Lynne Collins responds to a report about Kate Garraway’s struggle to get essential care for her husband and shares her own experience

You report (11 September) on Kate Garraway “battling the system” to get her severely ill husband the care that he needs. Sadly, after decades of life-limiting illness, my husband died last year. I was his primary carer. I struggled to get an assessment for “continuing care” and, eventually, a nurse who had less knowledge than I did completed a tick-box exercise and decided that sending in contract carers to shower him in the morning and put him to bed at an unspecified hour was determined as a care package.
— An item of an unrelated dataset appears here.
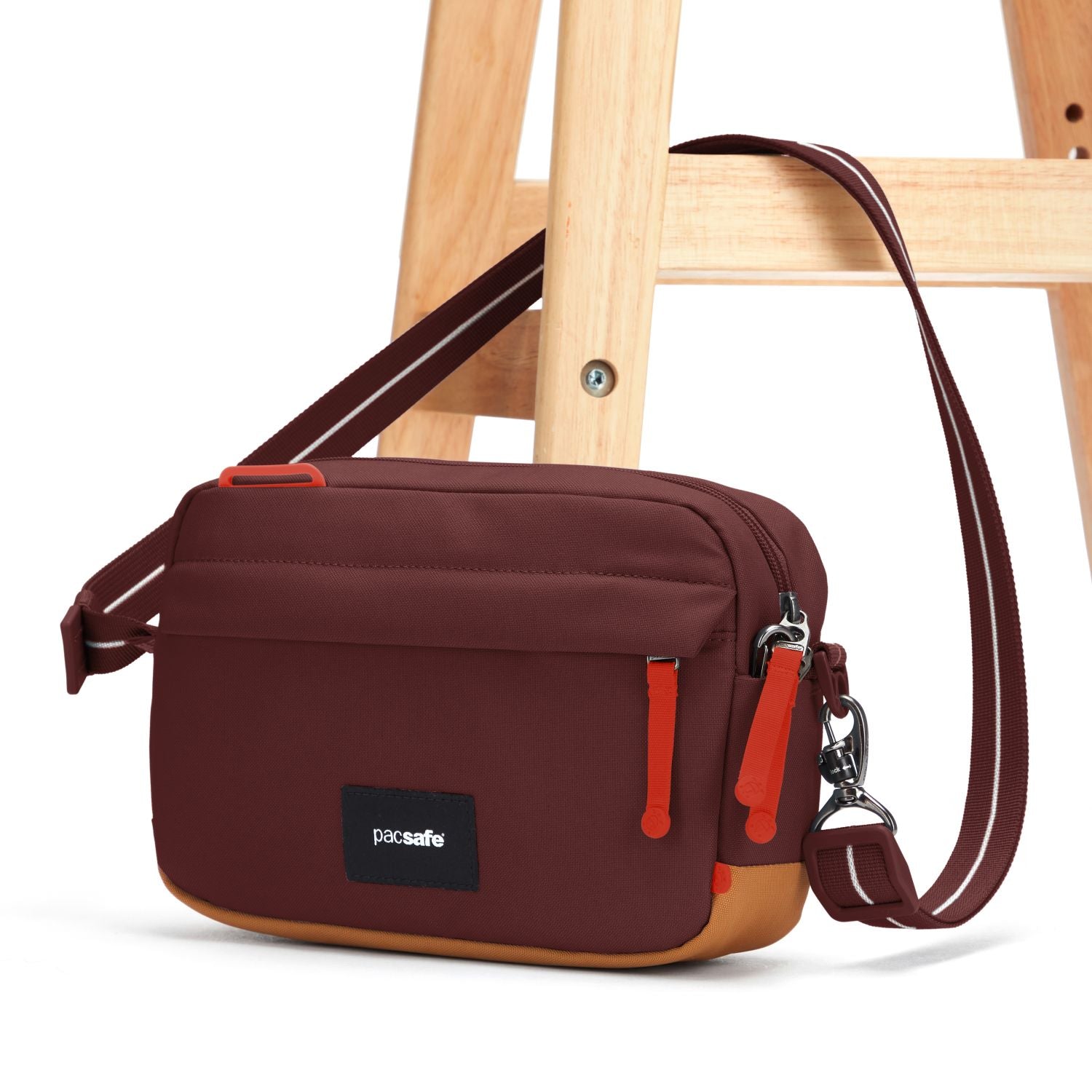Pacsafe Go Anti-Theft Crossbody Bag (Garnet Red)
It was highly unsuitable for his needs, which had become palliative.

When it became impossible for my husband to be cared for at home, I reapplied and was awarded continuing care funding, but the reality was that he would have to go to an establishment contracted by the local clinical commissioning group, effectively dismissing his individual needs and removing choice. He was not, therefore, eligible for funding, not even partial, for nursing homes of a good quality. I gave up trying.

There are hundreds of thousands of unpaid carers in the UK. Many, like me, are of pension age and have their own long-term health conditions. Carers’ organisations try hard to help, but the rules on funding for continuing care are shrouded in obfuscation and, in my experience, are set up to fail seriously ill patients and their families.